Maschere e religione
02 dicembre 2015
Rubrica «Finestra aperta» della trasmissione di Radiouno «Culto evangelico» curata dalla Fcei, andata in onda domenica 29 novembre
Ricordo che mi colpì molto la notizia che in diversi posti in Egitto, durante il periodo degli attentati del fondamentalismo islamico alle chiese cristiane, islamici moderati, di domenica facevano con i loro corpi una cintura di protezione perché le funzioni religiose cristiane, il culto o la messa, potessero aver luogo in sicurezza. Ecco la manifestazione di una fede che non calpesta l’umanità: mettere i propri corpi a protezione della libertà altrui. Una religione che parla di Dio, di chi crea la vita e la sostiene e non approva chi la sopprime.
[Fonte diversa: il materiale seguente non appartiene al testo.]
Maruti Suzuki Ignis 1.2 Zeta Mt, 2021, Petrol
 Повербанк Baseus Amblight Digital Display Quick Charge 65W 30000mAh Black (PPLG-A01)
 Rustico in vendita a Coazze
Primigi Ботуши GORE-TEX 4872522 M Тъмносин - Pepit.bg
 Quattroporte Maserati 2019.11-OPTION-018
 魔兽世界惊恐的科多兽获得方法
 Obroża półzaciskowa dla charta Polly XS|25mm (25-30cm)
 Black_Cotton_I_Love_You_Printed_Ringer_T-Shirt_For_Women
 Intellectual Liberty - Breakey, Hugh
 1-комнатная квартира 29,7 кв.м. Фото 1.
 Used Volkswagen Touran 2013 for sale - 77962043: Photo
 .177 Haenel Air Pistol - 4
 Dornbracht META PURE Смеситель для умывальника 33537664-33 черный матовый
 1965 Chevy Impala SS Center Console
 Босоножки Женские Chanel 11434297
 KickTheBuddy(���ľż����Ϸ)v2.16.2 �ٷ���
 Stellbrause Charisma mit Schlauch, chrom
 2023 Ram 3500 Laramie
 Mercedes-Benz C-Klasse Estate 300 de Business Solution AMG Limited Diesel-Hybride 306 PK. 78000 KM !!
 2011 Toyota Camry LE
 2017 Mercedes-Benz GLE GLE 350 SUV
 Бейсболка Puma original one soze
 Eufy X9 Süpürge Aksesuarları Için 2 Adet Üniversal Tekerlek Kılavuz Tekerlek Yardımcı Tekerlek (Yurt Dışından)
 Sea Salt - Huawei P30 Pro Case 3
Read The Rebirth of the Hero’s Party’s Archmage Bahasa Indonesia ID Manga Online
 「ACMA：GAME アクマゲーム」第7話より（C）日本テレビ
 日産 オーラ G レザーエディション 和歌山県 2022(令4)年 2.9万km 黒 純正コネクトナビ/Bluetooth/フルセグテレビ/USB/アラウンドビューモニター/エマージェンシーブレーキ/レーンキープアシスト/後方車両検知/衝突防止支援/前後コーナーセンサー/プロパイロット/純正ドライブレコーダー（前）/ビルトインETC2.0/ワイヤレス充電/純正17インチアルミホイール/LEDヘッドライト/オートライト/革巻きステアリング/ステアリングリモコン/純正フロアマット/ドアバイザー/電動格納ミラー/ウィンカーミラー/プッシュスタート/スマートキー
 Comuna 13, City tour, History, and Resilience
Vorrei che in questo momento i cristiani in Occidente, facessero la stessa cosa. Che noi costruissimo un cordone di protezione intorno a quell’islam fatto di persone come noi, che sperano in una condizione di vita migliore, che vivono pacificamente, guadagnandosi il pane con il loro lavoro. La religione nella sua versione integralista è trasversale. Esiste nell’islam, nell’induismo, nel buddismo, nell’ebraismo; e, nel cristianesimo, ha scritto tragiche pagine di storia, come tutti sappiamo.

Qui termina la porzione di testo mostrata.